Motor-Fuel Prices Drag Everyday Price Index Down in January

AIER’s Everyday Price Index fell 0.3 percent in January after dropping 0.9 percent in December. January marks the fourth consecutive decrease in the Everyday Price Index and the fifth drop in the last seven months. The EPI measures price changes people see in everyday purchases such as groceries, restaurant meals, gasoline, and utilities. It excludes…

AIER’s Everyday Price Index fell 0.3 percent in January after dropping 0.9 percent in December. January marks the fourth consecutive decrease in the Everyday Price Index and the fifth drop in the last seven months. The EPI measures price changes people see in everyday purchases such as groceries, restaurant meals, gasoline, and utilities. It excludes prices of infrequently purchased, big-ticket items (such as cars, appliances, and furniture) and prices contractually fixed for prolonged periods (such as housing).

The Consumer Price Index, which includes everyday purchases as well as infrequently purchased, big-ticket items and contractually fixed items, rose 0.2 percent in January following back-to-back 0.3 percent declines in December and November. The EPI is not seasonally adjusted, so we compare it with the unadjusted CPI. Over the past 12 months, the EPI has fallen 0.1 percent versus a 1.6 percent gain for the CPI.

The EPI including apparel, a broader measure that includes clothing and shoes, fell 0.2 percent in January after a pair of 1.2 percent drops in December and November. Over the past year, the EPI including apparel is down 0.1 percent. Apparel prices rose 1.6 percent on a not-seasonally-adjusted basis in January but are up just 0.1 percent over the past year.

Motor-fuel prices continued to plunge in January, falling 5.2 percent for the month on a not-seasonally-adjusted basis. Over the past year, motor-fuel prices are off 9.9 percent. That decline is in line with the decline in the price of crude oil. West Texas Intermediate crude has fallen from about $65 per barrel in January 2018 to less than $55 per barrel last month.

Partially offsetting the decline in motor-fuel prices were increases in food, both at home (up 0.6 percent for the month) and away from home (0.3 percent), cable and satellite TV and radio service (0.4 percent), prescription drugs (0.6 percent), alcoholic beverages (0.2 percent), and recreational reading materials (2.3 percent).

The components with the largest weights in the EPI are food at home (21.1 percent), food away from home (17.6 percent), household fuels and utilities (13.6 percent), and motor fuel (10.9 percent). Together, these four categories account for 63.2 percent of the EPI.

Motor fuel remains the most significant driver of changes in recent months.
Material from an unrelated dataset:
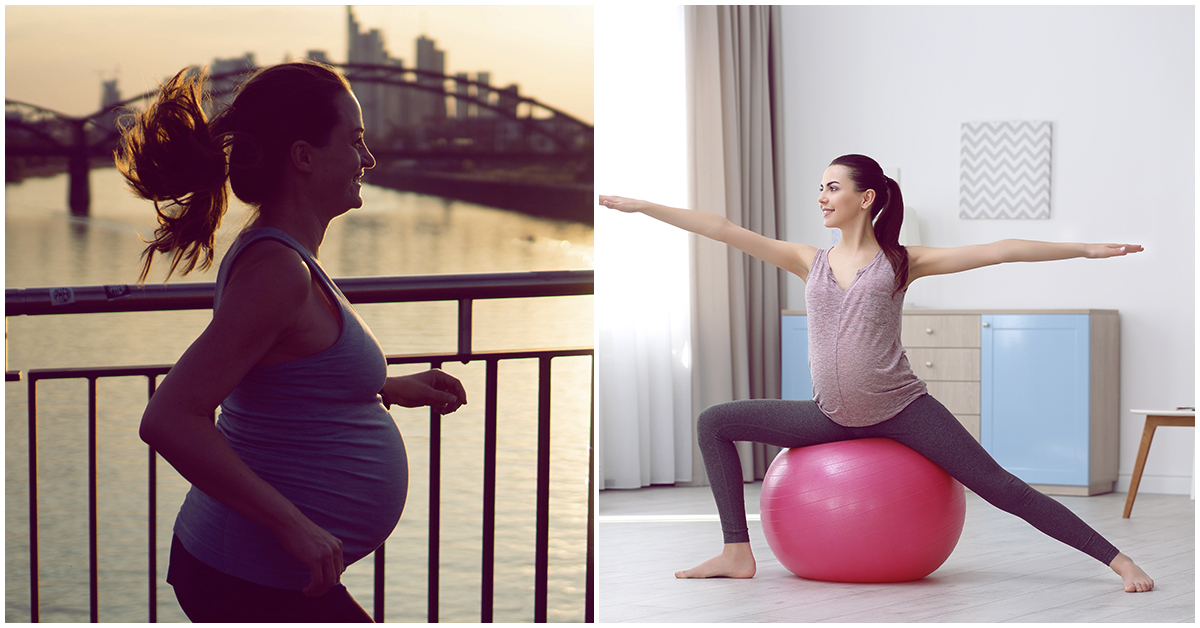 Ejercicios seguros para las chicas que están esperando baby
However, labor-intensive areas, especially restaurants, will likely continue to see upward price pressures given the tightness of the labor market and recent acceleration in average hourly earnings. The broadening of upward price changes, as reflected in the slowly rising number of categories with 12-month price changes greater than zero or 12-month increases greater than 2 percent, is consistent with a long economic expansion, a tightening labor market, and rising wages. So far, the pace of increase in consumer prices remains moderate by historical comparison, but careful monitoring is warranted.